With Freddie Mac, a major mortgage lender (and once my employer) gripped by scandal, it might be useful to go over some basic economics of the mortgage business. In particular, I want so describe how mortgages are a depreciating asset.

To most of us, a mortgage is a liability. It is the money that we borrowed in order to buy a home.

On the other side of the transaction is the lender. On the lender’s balance sheet, the mortgage is an asset.

From the borrower’s standpoint, with respect to inflation, a 30-year fixed-rate mortgage is a “heads I win, tails you lose” proposition. If inflation and interest rates go up, you pay back your mortgage in cheapened dollars. If inflation and interest rates go down, your mortgage payments cost more in real terms–but only if you keep your mortgage. Instead, borrowers typically refinance.
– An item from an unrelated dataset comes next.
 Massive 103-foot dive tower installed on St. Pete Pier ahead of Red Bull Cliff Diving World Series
Economists call this the prepayment option. We say the borrower is long the option and the lender is short the option.

The value of the option grows over time, because the more time passes, the greater the chance of an unanticipated change in interest rates. Since the lender is short the option, the fact that the value of the option increases over time means that the mortgage asset can be expected to depreciate over time.

Thus, mortgages depreciate as assets, and they do so in ways that depend on changes in inflation and interest rates. Accordingly, large lenders, such as Freddie Mac and Fannie Mae, engage in hedging. The most important hedge is for the lender, say, Fannie Mae, to fund the mortgage by issuing callable debt. Instead of funding the mortgage by issuing “straight debt” (borrowing money) for 10 years at 5 percent, Fannie will issue “callable debt” for 10 years at, say, 5.4 percent with an option to call the debt (to refinance, in effect) in, say, 3 years.
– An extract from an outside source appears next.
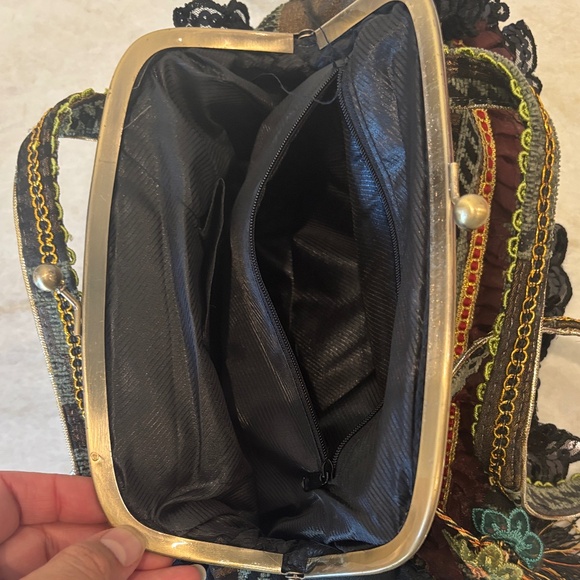 Real French Tapestry Ruffle Floral Bag – One of a Kind, Never Used, Romantic - Picture 10 of 13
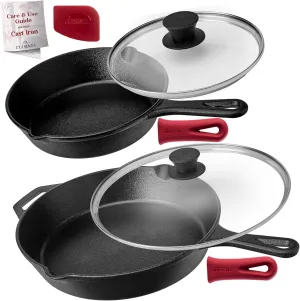 Cuisinel Cast Iron Skillet Set - 8"   12"-Inch Frying Pan   Glass Lids - Pre-Seasoned Cookware - Heat-Resistant Holders - Indoor/Outdoor Use - Camping, Grill, Stove, BBQ, Firepit, Induction, Oven Safe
Because Freddie and Fannie have such large portfolios, and because callable debt does not perfectly address the depreciation of mortgage assets, the agencies also use more exotic financial instruments, known as derivatives, in their hedging. Freddie tends to do so more than Fannie.

While the mortgage assets are depreciating, the callable debt and financial derivatives are appreciating. If the hedging is done correctly, the appreciation matches the depreciation under a wide variety of market conditions and scenarios.

The accounting treatment of all of this is interesting. Generally Accepted Accounting Principles (GAAP) do *not* allow lenders to depreciate their mortgage assets (also known as marking assets to market). They also do not allow lenders to mark their callable debt to market. However, GAAP usually does call for derivatives to be marked to market. Freddie Mac tried to evade the GAAP treatment and treat their derivatives the same way that they would treat mortgages and callable debt. When Freddie Mac had to switch auditors from the Enron-tainted Arthur Andersen, the new auditor challenged Freddie Mac’s stance, producing the scandal.

Being forced to use GAAP treatment for its derivatives means that Freddie Mac must recognize the appreciation of its hedges while not being able to depreciate its mortgages. The result is to create earnings that are front-loaded. In fact, Freddie Mac will soon re-state its earnings for the past several years to be higher than was reported. By the same token, reported earnings in future years will be lower than would have been reported under Freddie Mac’s previous accounting treatment.

For Discussion. The pattern of earnings that Freddie Mac originally reported is close to the pattern that would have been reported if GAAP required all assets and liabilities (not just derivatives) to be marked to market. Economists favor mark-to-market accounting, but many banks complain that it makes earnings too volatile. What are other challenges with mark-to-market accounting?